**What you should do**. Repeat exactly the lines of the entries below from the one with "Blossoming Pink Flower Tree PNG Image" through the one with "Bug sketch /", both ends included, and nothing else.
▼▼▼
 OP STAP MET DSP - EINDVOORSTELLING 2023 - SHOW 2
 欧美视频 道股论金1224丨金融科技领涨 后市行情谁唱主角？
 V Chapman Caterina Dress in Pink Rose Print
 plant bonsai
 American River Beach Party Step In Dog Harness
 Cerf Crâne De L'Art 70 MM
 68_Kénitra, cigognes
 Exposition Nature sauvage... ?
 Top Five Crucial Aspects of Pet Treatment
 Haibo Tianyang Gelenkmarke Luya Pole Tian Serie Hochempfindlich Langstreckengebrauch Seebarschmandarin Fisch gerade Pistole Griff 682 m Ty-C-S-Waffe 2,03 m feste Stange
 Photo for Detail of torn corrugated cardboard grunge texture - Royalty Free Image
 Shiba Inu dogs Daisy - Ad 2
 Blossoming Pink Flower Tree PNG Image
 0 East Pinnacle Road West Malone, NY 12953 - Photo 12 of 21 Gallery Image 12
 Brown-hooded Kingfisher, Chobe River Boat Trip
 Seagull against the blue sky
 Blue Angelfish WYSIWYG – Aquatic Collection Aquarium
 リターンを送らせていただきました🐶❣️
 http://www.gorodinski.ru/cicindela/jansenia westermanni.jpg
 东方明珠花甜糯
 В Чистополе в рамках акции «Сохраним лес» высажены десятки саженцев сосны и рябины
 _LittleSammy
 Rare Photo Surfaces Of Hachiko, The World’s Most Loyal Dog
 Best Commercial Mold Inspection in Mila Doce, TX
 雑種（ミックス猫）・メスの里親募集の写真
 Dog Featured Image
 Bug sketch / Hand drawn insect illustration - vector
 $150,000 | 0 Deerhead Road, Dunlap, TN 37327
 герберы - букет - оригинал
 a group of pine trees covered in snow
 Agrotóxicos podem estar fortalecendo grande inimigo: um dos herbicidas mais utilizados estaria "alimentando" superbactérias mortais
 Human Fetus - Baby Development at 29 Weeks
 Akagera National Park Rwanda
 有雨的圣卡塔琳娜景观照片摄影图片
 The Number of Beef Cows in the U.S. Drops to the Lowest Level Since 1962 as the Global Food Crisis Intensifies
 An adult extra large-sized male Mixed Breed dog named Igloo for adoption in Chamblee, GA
▲▲▲
**Answer to the problem**.
 Blossoming Pink Flower Tree PNG Image
 0 East Pinnacle Road West Malone, NY 12953 - Photo 12 of 21 Gallery Image 12
 Brown-hooded Kingfisher, Chobe River Boat Trip
 Seagull against the blue sky
 Blue Angelfish WYSIWYG – Aquatic Collection Aquarium
 リターンを送らせていただきました🐶❣️
 http://www.gorodinski.ru/cicindela/jansenia westermanni.jpg
 东方明珠花甜糯
 В Чистополе в рамках акции «Сохраним лес» высажены десятки саженцев сосны и рябины
 _LittleSammy
 Rare Photo Surfaces Of Hachiko, The World’s Most Loyal Dog
 Best Commercial Mold Inspection in Mila Doce, TX
 雑種（ミックス猫）・メスの里親募集の写真
 Dog Featured Image
 Bug sketch / Hand drawn insect illustration - vector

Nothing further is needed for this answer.